The proposal before government is that repairs to smoke alarms be carried out as a matter of urgency. The Manner and time frame by which these repairs are to be carried will be prescribed in the regulations. Breach of this section may result in a maximum 20 penalty units. A tenant can undertake urgent repairs to smoke alarms and be reimbursed accordingly as per the regulations.

This amendment came out of a coroner's report into the tragic death of a child. We support this amendment although we are yet to see the regulations. We do not envisage any problems with the drafting of the regulations.

Employee & Caretaker Evictions

Currently the Act treats the eviction of tenants generally equally - 'at fault' evictions occur because of the tenants behaviour, not because of any personal characteristic. 'no fault' evictions occur because of some change within the landlord or the property, and not because of any personal characteristic of the tenant.

The proposal before government is to treat employees differently to other tenants. Tenancy agreements with tenants who are on periodic agreements who also happen to be employees or caretakers (as defined in section 9 of the Act) will be able to be terminated with as little as 28 days notice. It is intended to assist a landlord employer more easily evict their tenant employees and largely justified on a misunderstanding of the range of ways a section 9 agreements can be formed - the amendment was pushed heavily by the farming industry, particularly aimed at seasonal employees, but the implications are much broader.

We do not support this amendment. Employers ending employment agreements and tenancies should be able to plan around the transition. Employee arrangements are broader than just farms, and this will cause unfair outcomes. The arrangements are not fixed contracts with a forseeable end date which mean the tenant does need sufficient time to find a new home – it is not clear why they are deemed to deserve less than the other tenants. If anything they should be afforded extra time to move out given that they are potentially facing not just homelessness but unemployment.

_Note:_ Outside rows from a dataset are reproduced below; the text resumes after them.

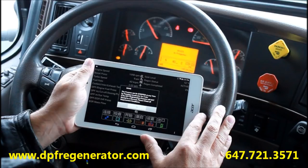Visit www.dpfregenerator.com or call 647-721-3571 for pricing and ordering information.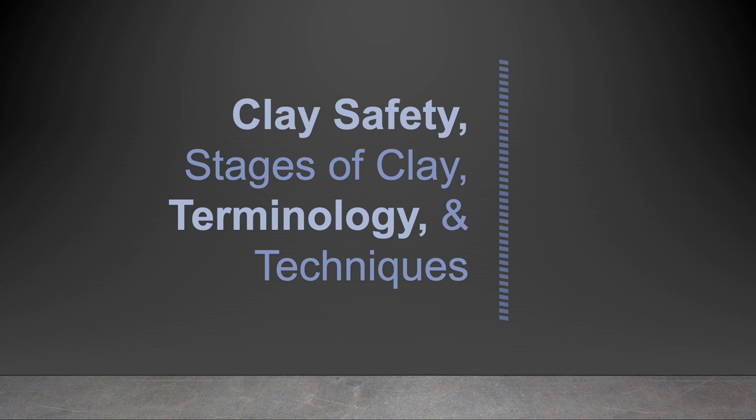Today, we'll be talking about clay safety, stages of clay, terminology, and techniques.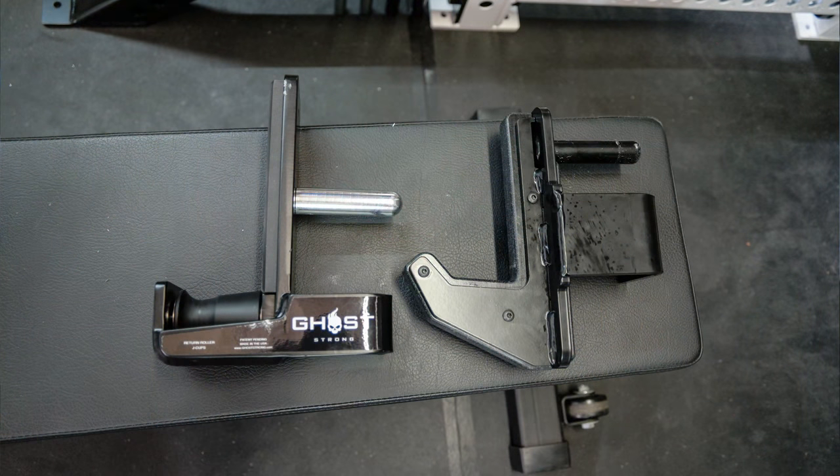These are bigger than my Rogue Sandwich J-Cups — these are huge. I have no concerns about these after seeing them in person. The rollers themselves — they went that same route I was considering with mine when I was looking into releasing them. That was by having different options available in terms of the rollers you get. So the ones I have right now are composite, and they also have steel versions.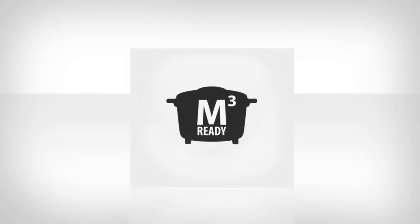So everyone's asking, what exactly is M3 Ready? Is it a new computer? No. Is it a new appliance? No. Is it for a rice cooker? Well, yes! It's for an ordinary rice cooker!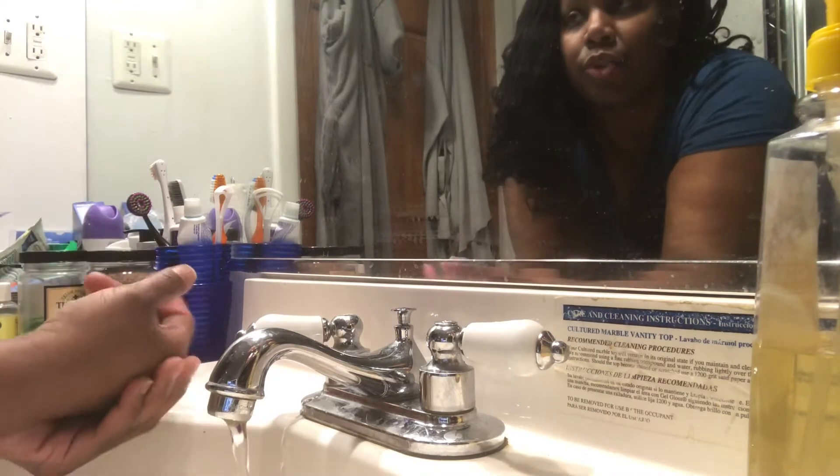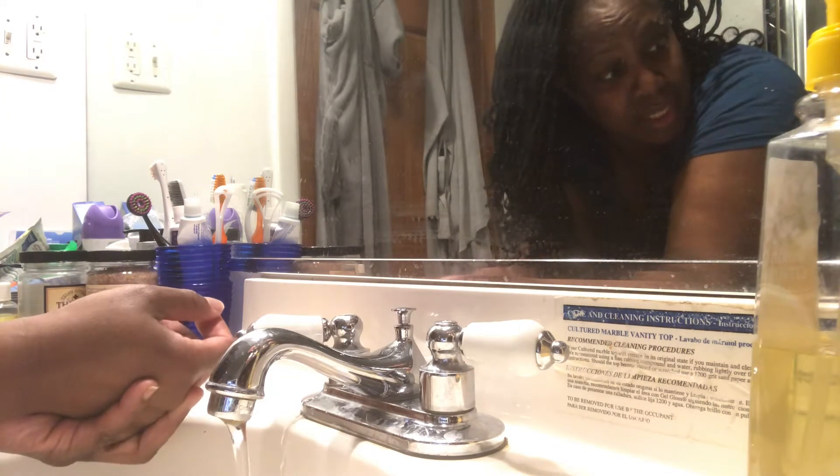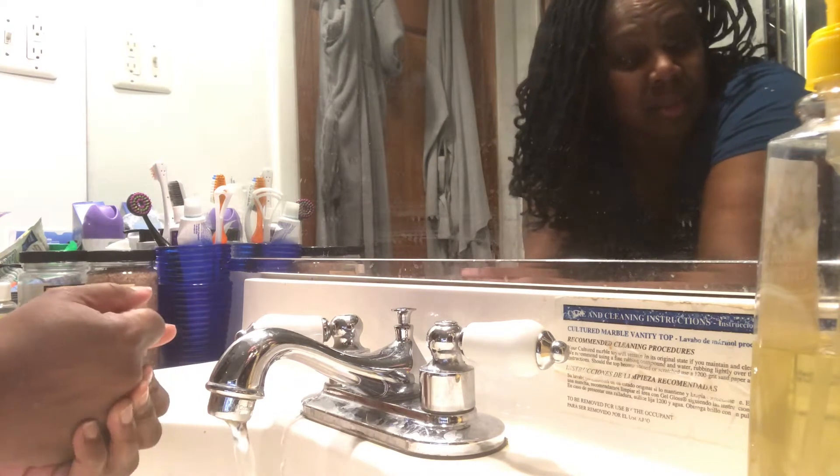Hey everyone, it's your girl Shaka and I am here to review some soap and essential oils this evening. As you know, I told you before, a friend of mine, Miss Hattie, has been creating some things — not just the candles, but she's created some essential oils as well as some soaps — and I told her I was going to review it.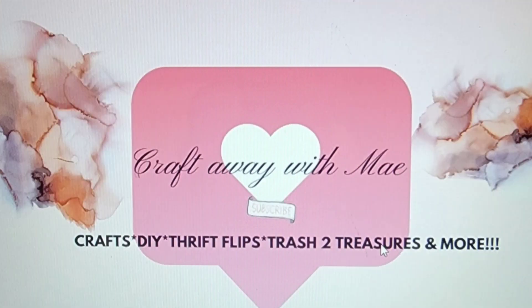Hey lovies! Welcome to my channel, Craft Away with Mae. I'm Mae. If you are new here, thank you so much for stopping by to see what I have going on today. If you are returning, thank you so much for coming back to hang out with me. I appreciate you all so very much.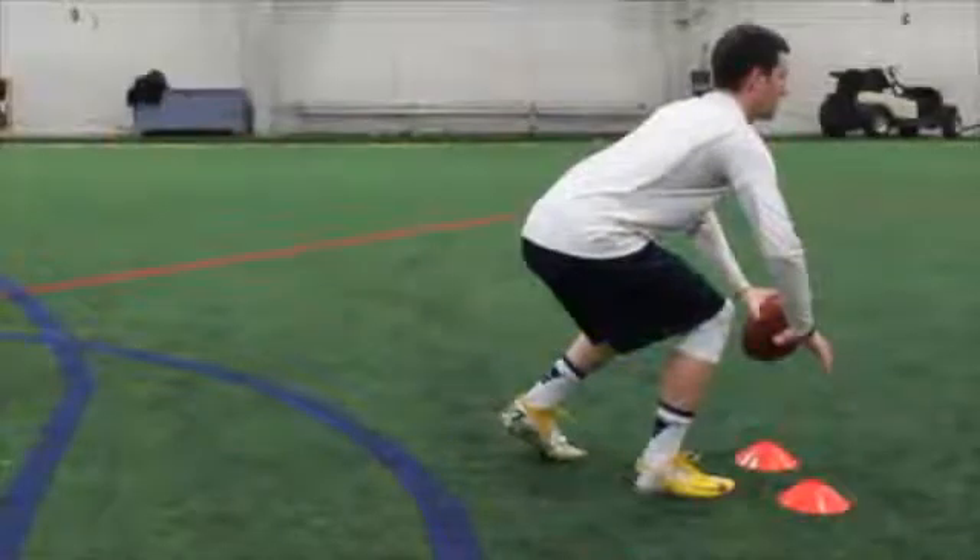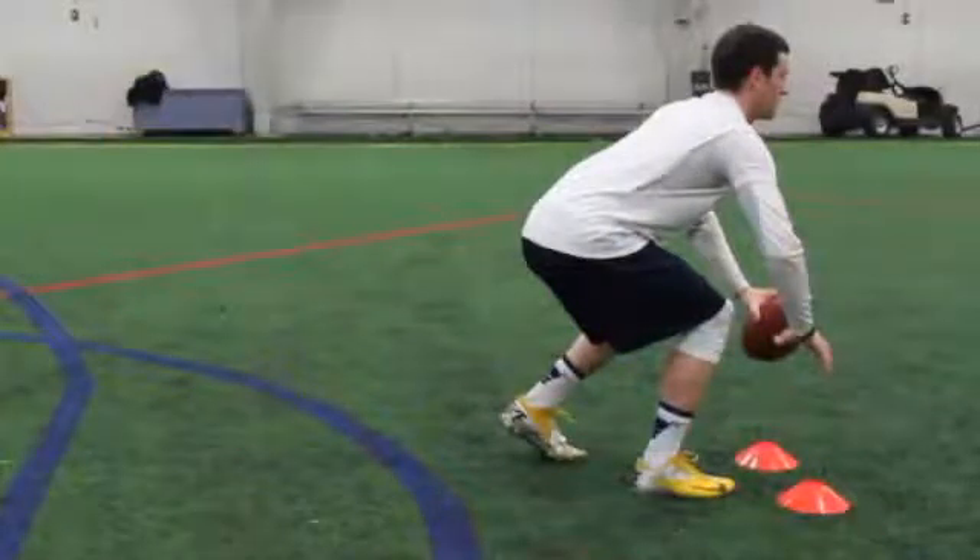Start this drill with your feet facing forwards. Your non-throwing side foot should be slightly behind the heel of your throwing side foot. Your non-throwing arm should be holding the ball, hanging in front of your body.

Our recommendation was and remains that employee & caretaker evictions require the same notice period other tenants do - 90 days in a periodic agreement. There has been no reason given why landlord employees can't work around this period - it appears to be pandering to poorly run businesses rather than legitimate issues with the notice period.

Expansion of Rent Arrears Process
Currently the Act treats rent arrears differently to other breaches of the agreement. You must be in breach of the agreement for 14 days before a notice can be served, and generally if you 'rectify the breach' (buy paying the rent owed) before you are evicted, you can prevent that eviction from occurring. This is a sensible difference which gives tenants more time to fix the problem, and means landlords are less likely to suffer rent arrears losses.

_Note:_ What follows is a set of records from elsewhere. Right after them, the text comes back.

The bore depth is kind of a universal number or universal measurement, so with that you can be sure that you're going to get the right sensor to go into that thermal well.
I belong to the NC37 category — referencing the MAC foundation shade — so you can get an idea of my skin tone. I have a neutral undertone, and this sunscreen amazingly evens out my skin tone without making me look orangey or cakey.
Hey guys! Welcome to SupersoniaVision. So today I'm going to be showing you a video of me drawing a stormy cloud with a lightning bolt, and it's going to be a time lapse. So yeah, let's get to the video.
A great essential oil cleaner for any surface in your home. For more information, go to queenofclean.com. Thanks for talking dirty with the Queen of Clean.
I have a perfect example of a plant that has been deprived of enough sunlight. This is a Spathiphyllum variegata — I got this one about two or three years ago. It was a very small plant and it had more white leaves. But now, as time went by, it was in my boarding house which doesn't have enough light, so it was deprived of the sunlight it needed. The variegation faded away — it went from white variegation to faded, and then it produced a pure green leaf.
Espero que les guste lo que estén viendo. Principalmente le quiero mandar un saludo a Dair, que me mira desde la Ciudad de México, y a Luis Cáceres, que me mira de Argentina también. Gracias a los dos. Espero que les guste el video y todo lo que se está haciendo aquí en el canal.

The Act is changing to also include water and electricity charges in this different scheme, and we think this is sensible. Rent arrears and water charges often go hand in hand, but currently, if a tenant is given an eviction notice for owing $1000 for rent and $10 for water, and pays off that $1010 they will still be evicted - under this change, they will not.

We think this is a good change however, the rent arrears process currently has a big flaw in it which needs to be corrected. Where a person has a past history of rent arrears, the landlord can ask the Tribunal not to allow them to stay even if they do pay off the current rent arrears. Originally this was introduced to prevent tenants paying 'on the court house steps' and playing games with the system. Unfortunately it was broadened to mean that even minor, and quickly remedied rent arrears can add up to an eviction. It should be amended to apply only to circumstances where tenants wilfully paying late as originally conceived.

Asbestos & Termination

Currently the Act is silent on asbestos other than a being captured in reference to a landlord’s statutory obligations relating to the health or safety of the residential premises. Under clause 458 of the Work Health and Safety Regulation 2011, if more than 10 sqm of bonded asbestos sheets, or any significant amount of loose or crumbling asbestos, is to be removed from the premises, the removal must be conducted by a licensed removalist.

Once these amendments take effect, tenants in properties that have been listed on the Loose Fill Asbestos Insulation (LFAI) Register during the term of the agreement or listed on the Register prior to the agreement being entered into and that fact was not disclosed to the tenant may terminate the tenancy early without compensation to the landlord under section 100 of the Act.

The LFAI system already allows for some compensation from government to landlords, but prior to this amendment tenants can find themselves trapped in potentially unsafe environments with unfair break costs. This is a sensible amendment.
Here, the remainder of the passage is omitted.